Exercise description
Instruction for the entries below: return the part that opens with the line containing "Polres Sampang Berhasil" and closes with the line containing "Il cortile per giocare", exactly, and no pictures.
───── Provided records ─────
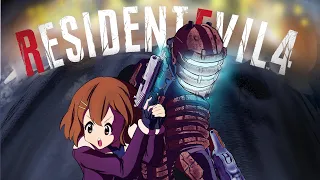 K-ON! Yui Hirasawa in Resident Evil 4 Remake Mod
─────
───── Provided records ─────
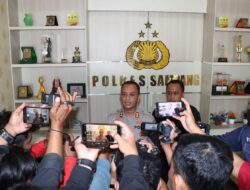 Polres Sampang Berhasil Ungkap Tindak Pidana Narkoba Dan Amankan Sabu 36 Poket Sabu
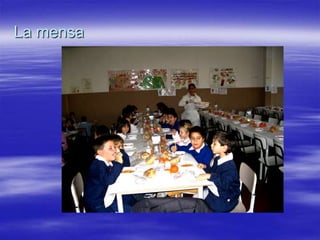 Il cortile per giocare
─────
Response below
 Polres Sampang Berhasil Ungkap Tindak Pidana Narkoba Dan Amankan Sabu 36 Poket Sabu
 Il cortile per giocare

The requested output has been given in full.